Venezuelan President Hugo Chavez had voiced scepticism ahead of the meeting that Obama would really listen and learn.
Within minutes of Obama’s arrival late Friday in Port of Spain, however, the first African-American to reach the White House appeared to tame the firebrand Venezuelan – a long-time critic of US policy – with a spontaneous handshake.
After that, everything appeared to run very smoothly. With the mix of humility, spontaneity and the “sincerity” that even Cuban leader Fidel Castro has acknowledged by now, Obama managed to convince his peers that Latin America’s ties with Washington have indeed changed.
Chavez hailed the meeting as “a good start”.

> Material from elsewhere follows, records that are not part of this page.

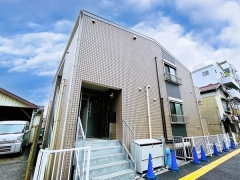 サンライズ墨田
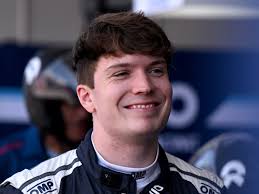 Dan Ticktum slams 'pathetic and childish' Formula E rival Jake Dennis after  smashing him out of the Sao Paulo E-Prix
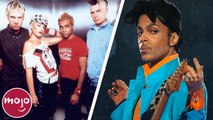 Top 20 Songs You Didn't Know Were Written by Prince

Brazilian President Luiz Inacio Lula da Silva – who had already met Obama twice and appeared to have got on well with him – admitted that he was “extremely surprised” by the positive atmosphere in Port of Spain.

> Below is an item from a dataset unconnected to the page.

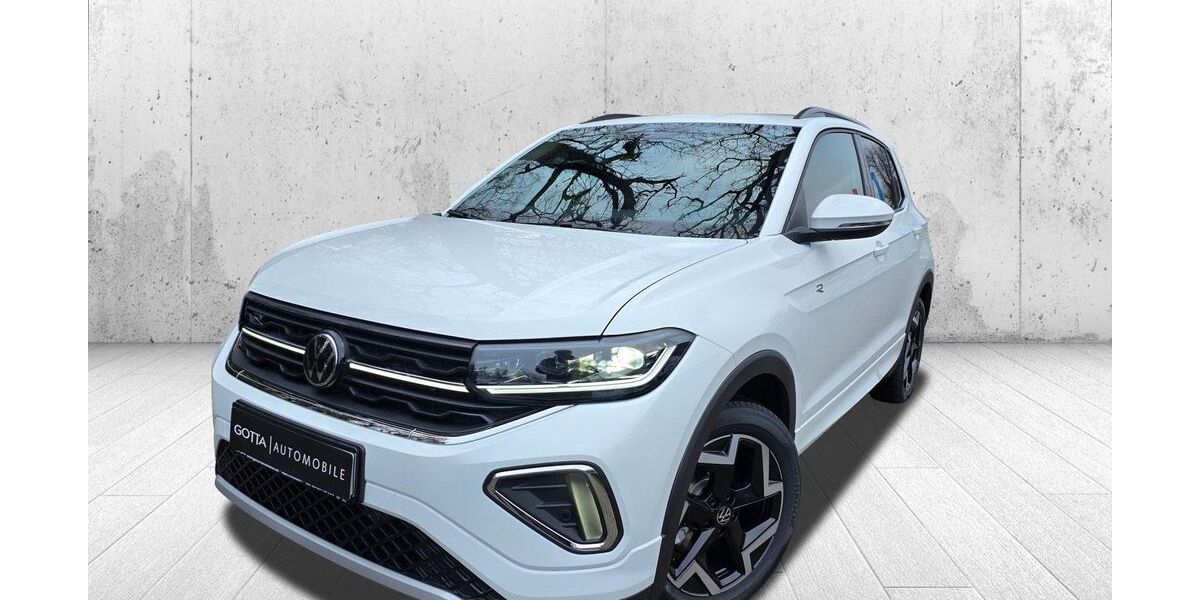 VW T-Cross 6.000 km 32.680 &euro; Mörfelden-Walldorf 64546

Venezuela decided to restore diplomatic ties with the US, and Chavez designated former foreign minister Roy Chaderton as his ambassador, pending reciprocation from the White House.
Diplomatic ties between Venezuela and the US were suspended in September, when the US ambassador in Venezuela was expelled. The decision was made in “solidarity” with a similar move by the Bolivian government over an alleged US conspiracy against Bolivian President Evo Morales.
Morales – another fierce critic of the US – was also impressed at the summit. “If Obama keeps his word, we are on the right track,” he said.
Obama admitted that the US “has a history in this region” and that US policy had strayed from its own values in the past, with intervention that made Latin Americans suspicious of Washington to this day.
Obama stressed that the US remains critical to the economic welfare of the region, and he drafted new guidelines for ties under his administration. He told his fellow-leaders that he had “a lot to learn”.
“There is no senior partner and junior partner in our relations; there is simply engagement based upon mutual respect, common interests and shared values,” he said in the opening ceremony Friday.
Obama made a historic offer of dialogue with Cuba that went a long way to prove his good will, though he fell short of meeting the Latin American demand that he lift the US economic embargo against the communist island.
The summit in Port of Spain delivered an important result, he said: “We showed that while we have our differences we can work together.”
For Lula, the summit in Trinidad and Tobago proved that it was “fully possible to have a new relationship of friendship” between the US and the rest of the Americas.
Mexican President Felipe Calderon hailed: “There are better days for the Americas after this summit.”